Thai Sign Language


A language of Thailand

Alternate Names
MSTSL, Modern Standard Thai Sign Language, ThSL

51,000 profoundly, prelingually deaf people in Thailand (1997 C. Reilly). 20% of deaf children go to school to learn it.


Scattered. Major regional centers and Bangkok.

Language Status

5 (Developing).


None known. Signs used at the deaf school at Tak are reportedly very different. 52% cognate with American Sign Language (ASL) [ase] on a 100-word list; 29% with Original Chiangmai SL [csd]; 26% with Original Bangkok Sign Language (no ISO code) (Woodward 1997).


Finger-spelling system.

Language Use

Vigorous.

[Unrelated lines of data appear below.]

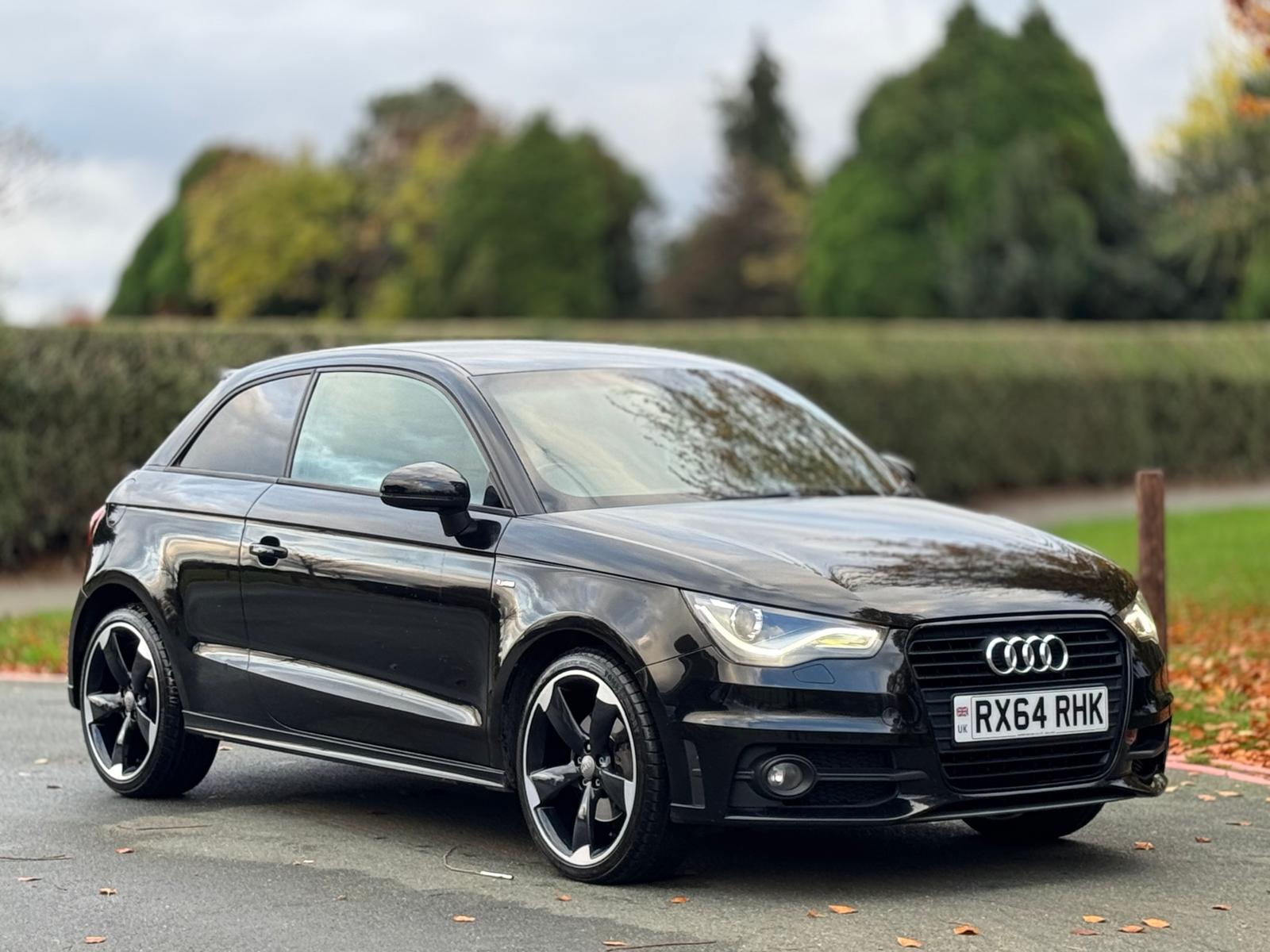 AUDI A1 S LINE BLACK EDITION TFSI
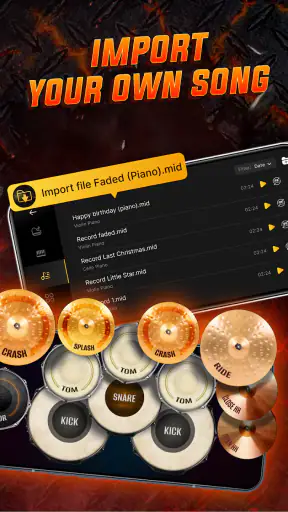 Learn Drum - Pad & Beat Maker screenshot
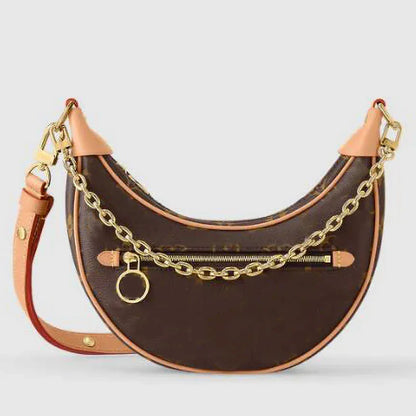 genuine leather WOMEN luxurys designers bags lady Handbags messenger crossbody chain shoulder bag Wallet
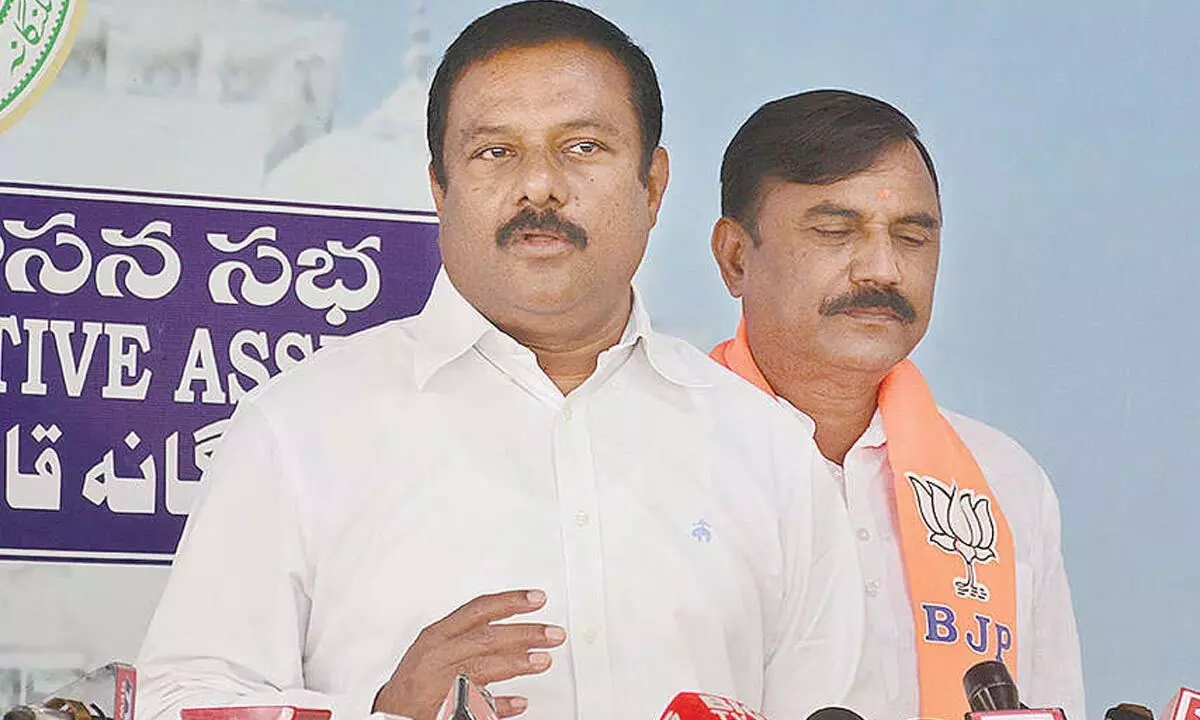 BJP MLA slams govt over short Assembly session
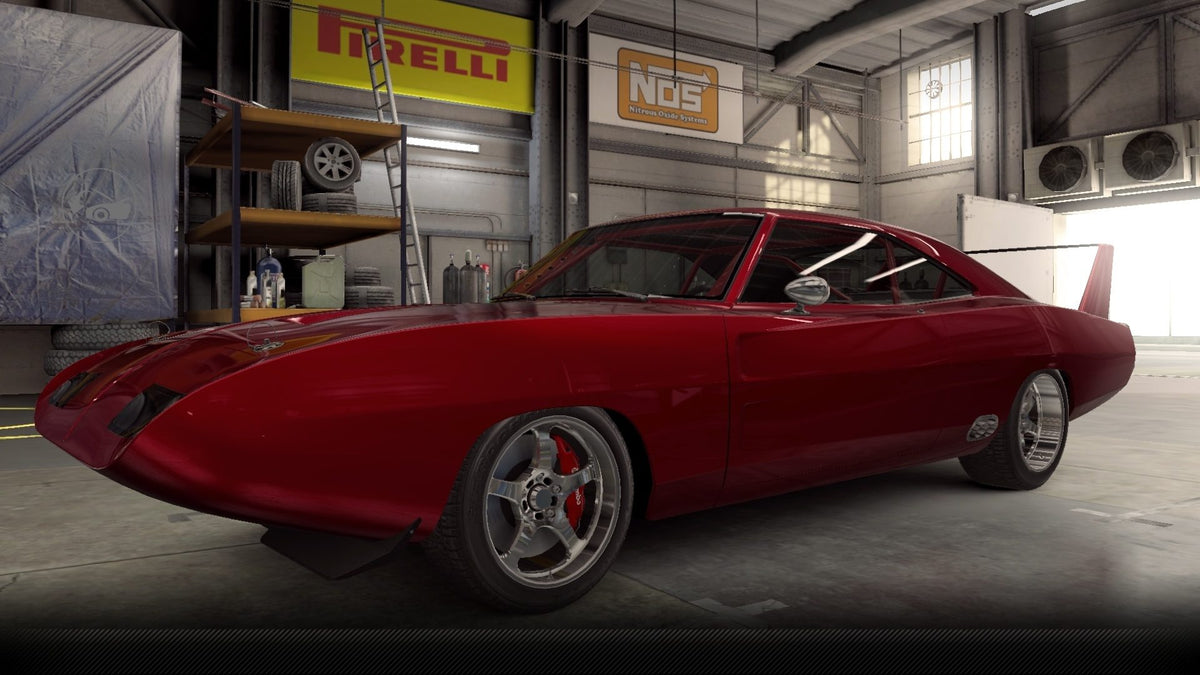 CSR2 Dodge Charger Daytona - CandyRed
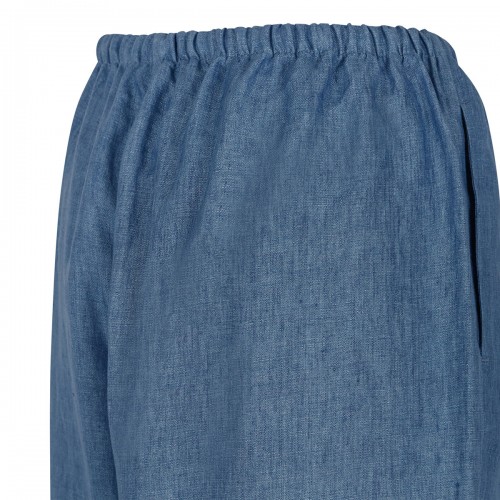 Relaxed linen pants 2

Total communication (simultaneous speech and signing) in schools, thus different from what is used by deaf adults outside. Reported high mobility among most deaf people today. Used by all. Also use Thai [tha]. Used as L2 by Ban Khor Sign Language [bfk], Chiangmai Sign Language [csd].

Language Development

Literacy rate in L2: Less than 10%. The first deaf school began in 1951, with help from Gallaudet University. Educated deaf people have limited Thai literacy skills. Taught in primary schools. TV. Dictionary. Bible portions: 2018.


Unwritten documents [Zxxx].

Other Comments

Formed from a blend of American Sign Language (ASL) [ase] and indigenous sign varieties present prior to introduction of ASL in the 1950s, including varieties in Bangkok and Chiangmai (Woodward 1997). Buddhist.